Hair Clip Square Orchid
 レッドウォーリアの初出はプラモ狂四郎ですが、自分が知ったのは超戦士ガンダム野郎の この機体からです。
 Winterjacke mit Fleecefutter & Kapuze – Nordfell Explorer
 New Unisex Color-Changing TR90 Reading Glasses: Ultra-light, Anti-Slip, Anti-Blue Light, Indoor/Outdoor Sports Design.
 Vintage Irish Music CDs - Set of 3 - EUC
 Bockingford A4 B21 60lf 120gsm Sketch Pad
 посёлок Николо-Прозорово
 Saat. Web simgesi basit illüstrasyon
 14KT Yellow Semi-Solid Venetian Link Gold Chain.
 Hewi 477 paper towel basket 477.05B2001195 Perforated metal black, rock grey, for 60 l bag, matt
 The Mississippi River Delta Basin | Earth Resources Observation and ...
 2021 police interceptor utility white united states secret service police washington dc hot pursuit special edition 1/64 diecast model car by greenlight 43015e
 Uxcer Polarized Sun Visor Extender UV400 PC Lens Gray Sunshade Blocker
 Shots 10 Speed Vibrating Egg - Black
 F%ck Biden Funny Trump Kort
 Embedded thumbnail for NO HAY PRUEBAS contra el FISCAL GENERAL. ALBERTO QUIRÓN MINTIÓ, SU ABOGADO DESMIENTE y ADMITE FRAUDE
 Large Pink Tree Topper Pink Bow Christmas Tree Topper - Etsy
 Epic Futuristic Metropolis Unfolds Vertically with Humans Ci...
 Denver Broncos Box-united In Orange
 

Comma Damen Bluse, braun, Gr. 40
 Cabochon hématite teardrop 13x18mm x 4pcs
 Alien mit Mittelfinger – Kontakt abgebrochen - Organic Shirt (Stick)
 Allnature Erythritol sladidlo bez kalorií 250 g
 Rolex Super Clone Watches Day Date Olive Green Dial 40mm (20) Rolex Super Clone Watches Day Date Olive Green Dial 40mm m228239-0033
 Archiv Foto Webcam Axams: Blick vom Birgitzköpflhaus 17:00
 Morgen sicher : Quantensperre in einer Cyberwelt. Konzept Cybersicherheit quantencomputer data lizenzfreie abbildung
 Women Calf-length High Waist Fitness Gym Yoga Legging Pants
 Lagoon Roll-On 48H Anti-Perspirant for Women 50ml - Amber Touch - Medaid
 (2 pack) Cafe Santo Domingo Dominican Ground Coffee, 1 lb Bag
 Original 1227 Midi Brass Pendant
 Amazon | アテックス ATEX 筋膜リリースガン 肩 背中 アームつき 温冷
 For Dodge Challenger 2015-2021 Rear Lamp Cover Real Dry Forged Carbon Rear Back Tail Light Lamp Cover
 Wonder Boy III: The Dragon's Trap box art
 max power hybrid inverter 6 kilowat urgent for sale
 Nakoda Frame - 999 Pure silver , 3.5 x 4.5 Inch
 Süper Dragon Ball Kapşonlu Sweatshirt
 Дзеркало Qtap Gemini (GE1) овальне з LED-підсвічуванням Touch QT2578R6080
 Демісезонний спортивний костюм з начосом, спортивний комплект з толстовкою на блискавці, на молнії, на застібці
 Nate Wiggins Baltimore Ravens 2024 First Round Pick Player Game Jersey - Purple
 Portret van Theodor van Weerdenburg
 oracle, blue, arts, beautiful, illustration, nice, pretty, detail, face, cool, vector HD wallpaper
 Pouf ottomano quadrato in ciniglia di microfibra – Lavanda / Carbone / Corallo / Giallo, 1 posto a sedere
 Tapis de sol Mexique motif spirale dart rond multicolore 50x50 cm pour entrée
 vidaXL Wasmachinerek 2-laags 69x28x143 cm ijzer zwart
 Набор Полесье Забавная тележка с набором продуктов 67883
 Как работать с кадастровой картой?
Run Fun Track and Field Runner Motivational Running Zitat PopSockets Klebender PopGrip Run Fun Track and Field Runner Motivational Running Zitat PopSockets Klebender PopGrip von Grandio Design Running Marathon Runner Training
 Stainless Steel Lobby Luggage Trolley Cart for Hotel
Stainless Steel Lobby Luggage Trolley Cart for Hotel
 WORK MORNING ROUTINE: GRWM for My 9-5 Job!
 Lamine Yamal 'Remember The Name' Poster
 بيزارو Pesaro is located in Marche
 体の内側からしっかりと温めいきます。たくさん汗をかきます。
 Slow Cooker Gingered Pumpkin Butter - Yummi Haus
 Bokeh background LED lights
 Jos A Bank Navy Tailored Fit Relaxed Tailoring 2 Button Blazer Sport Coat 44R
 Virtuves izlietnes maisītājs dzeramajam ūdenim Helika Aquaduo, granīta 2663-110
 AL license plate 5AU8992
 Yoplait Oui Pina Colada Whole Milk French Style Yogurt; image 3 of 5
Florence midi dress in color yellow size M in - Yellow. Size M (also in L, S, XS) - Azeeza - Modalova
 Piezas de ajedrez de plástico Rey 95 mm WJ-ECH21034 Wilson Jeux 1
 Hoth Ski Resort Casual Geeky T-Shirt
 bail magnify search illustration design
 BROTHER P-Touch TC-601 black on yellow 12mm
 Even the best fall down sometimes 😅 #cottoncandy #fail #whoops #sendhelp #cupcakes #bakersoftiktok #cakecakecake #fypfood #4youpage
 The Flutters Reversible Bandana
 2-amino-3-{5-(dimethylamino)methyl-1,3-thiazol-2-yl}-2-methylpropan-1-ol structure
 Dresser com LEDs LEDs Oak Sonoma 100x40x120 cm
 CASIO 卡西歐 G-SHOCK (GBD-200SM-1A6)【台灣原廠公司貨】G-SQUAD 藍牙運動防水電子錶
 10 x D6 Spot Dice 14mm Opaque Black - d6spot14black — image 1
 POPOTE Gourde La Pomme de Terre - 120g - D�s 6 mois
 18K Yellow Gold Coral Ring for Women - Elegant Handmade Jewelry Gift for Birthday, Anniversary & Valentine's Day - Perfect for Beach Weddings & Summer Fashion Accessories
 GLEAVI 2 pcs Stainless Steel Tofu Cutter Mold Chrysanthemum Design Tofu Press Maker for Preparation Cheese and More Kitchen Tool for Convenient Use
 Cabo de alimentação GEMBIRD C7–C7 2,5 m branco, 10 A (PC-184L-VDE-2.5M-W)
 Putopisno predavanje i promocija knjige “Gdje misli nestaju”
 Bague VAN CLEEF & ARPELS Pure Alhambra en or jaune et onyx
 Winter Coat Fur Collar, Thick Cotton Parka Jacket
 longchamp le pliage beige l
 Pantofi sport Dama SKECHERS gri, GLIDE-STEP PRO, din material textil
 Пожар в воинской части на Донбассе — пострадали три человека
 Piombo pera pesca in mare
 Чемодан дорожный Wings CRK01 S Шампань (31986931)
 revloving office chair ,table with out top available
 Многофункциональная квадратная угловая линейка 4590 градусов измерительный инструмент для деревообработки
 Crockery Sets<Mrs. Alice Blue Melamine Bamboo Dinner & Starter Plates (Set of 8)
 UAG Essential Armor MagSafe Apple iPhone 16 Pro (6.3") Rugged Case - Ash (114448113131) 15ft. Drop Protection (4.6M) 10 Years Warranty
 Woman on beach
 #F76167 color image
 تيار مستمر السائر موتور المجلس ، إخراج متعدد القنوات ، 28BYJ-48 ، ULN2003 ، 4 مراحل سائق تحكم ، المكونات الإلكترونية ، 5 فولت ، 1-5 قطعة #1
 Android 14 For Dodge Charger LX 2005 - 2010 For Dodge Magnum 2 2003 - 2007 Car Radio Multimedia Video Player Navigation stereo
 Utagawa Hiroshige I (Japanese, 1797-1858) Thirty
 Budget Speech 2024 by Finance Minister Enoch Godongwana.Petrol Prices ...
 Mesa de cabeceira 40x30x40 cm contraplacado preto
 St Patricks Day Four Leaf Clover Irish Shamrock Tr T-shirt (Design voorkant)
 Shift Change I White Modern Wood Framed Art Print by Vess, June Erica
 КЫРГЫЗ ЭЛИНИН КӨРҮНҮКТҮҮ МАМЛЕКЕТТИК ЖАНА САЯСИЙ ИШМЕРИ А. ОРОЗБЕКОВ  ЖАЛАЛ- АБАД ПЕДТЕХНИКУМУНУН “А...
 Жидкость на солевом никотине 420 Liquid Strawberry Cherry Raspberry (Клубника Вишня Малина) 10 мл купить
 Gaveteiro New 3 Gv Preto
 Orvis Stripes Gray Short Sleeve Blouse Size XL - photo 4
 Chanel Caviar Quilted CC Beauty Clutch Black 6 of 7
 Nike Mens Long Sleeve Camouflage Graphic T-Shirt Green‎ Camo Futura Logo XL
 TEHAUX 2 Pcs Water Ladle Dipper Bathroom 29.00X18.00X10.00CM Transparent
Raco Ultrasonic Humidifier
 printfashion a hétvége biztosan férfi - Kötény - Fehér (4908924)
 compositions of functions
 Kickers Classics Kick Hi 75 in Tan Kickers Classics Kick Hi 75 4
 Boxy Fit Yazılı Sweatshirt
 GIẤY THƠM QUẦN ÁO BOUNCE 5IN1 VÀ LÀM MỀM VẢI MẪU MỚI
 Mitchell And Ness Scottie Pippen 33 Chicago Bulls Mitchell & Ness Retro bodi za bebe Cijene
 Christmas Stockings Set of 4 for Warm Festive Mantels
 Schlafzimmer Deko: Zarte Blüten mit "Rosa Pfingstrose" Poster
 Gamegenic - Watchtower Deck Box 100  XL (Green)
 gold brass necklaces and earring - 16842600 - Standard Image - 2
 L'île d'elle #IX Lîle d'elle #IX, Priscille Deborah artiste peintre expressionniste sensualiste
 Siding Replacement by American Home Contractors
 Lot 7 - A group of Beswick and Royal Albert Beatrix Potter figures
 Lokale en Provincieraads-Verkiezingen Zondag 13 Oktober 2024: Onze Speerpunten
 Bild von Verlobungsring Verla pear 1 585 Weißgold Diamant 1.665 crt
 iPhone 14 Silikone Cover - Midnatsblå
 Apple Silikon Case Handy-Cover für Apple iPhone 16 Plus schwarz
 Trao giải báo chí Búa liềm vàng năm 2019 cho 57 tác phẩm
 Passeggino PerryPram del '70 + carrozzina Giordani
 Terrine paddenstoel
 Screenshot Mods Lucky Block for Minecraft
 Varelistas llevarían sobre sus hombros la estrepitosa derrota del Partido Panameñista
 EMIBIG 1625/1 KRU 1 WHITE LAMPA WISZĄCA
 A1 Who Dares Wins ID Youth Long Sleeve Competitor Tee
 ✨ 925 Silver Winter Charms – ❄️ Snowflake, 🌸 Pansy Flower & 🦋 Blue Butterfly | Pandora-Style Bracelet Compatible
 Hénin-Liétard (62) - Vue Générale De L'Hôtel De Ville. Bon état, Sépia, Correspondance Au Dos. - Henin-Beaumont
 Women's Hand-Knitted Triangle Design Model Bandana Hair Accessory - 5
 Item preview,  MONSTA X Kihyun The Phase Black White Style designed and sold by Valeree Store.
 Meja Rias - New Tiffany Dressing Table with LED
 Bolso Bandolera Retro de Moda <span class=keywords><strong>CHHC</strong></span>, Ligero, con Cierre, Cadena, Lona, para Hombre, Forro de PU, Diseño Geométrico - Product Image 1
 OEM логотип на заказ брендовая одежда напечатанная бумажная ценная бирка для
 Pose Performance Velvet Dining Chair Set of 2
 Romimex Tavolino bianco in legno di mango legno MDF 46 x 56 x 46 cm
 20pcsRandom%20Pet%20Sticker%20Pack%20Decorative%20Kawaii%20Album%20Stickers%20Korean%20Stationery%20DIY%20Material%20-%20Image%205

About this task —
Nothing beyond the lines from the start of the entries through the line with "Archiv Foto Webcam" should appear. Repeat those lines exactly, both ends included.

Finished task —
Hair Clip Square Orchid
 レッドウォーリアの初出はプラモ狂四郎ですが、自分が知ったのは超戦士ガンダム野郎の この機体からです。
 Winterjacke mit Fleecefutter & Kapuze – Nordfell Explorer
 New Unisex Color-Changing TR90 Reading Glasses: Ultra-light, Anti-Slip, Anti-Blue Light, Indoor/Outdoor Sports Design.
 Vintage Irish Music CDs - Set of 3 - EUC
 Bockingford A4 B21 60lf 120gsm Sketch Pad
 посёлок Николо-Прозорово
 Saat. Web simgesi basit illüstrasyon
 14KT Yellow Semi-Solid Venetian Link Gold Chain.
 Hewi 477 paper towel basket 477.05B2001195 Perforated metal black, rock grey, for 60 l bag, matt
 The Mississippi River Delta Basin | Earth Resources Observation and ...
 2021 police interceptor utility white united states secret service police washington dc hot pursuit special edition 1/64 diecast model car by greenlight 43015e
 Uxcer Polarized Sun Visor Extender UV400 PC Lens Gray Sunshade Blocker
 Shots 10 Speed Vibrating Egg - Black
 F%ck Biden Funny Trump Kort
 Embedded thumbnail for NO HAY PRUEBAS contra el FISCAL GENERAL. ALBERTO QUIRÓN MINTIÓ, SU ABOGADO DESMIENTE y ADMITE FRAUDE
 Large Pink Tree Topper Pink Bow Christmas Tree Topper - Etsy
 Epic Futuristic Metropolis Unfolds Vertically with Humans Ci...
 Denver Broncos Box-united In Orange
 

Comma Damen Bluse, braun, Gr. 40
 Cabochon hématite teardrop 13x18mm x 4pcs
 Alien mit Mittelfinger – Kontakt abgebrochen - Organic Shirt (Stick)
 Allnature Erythritol sladidlo bez kalorií 250 g
 Rolex Super Clone Watches Day Date Olive Green Dial 40mm (20) Rolex Super Clone Watches Day Date Olive Green Dial 40mm m228239-0033
 Archiv Foto Webcam Axams: Blick vom Birgitzköpflhaus 17:00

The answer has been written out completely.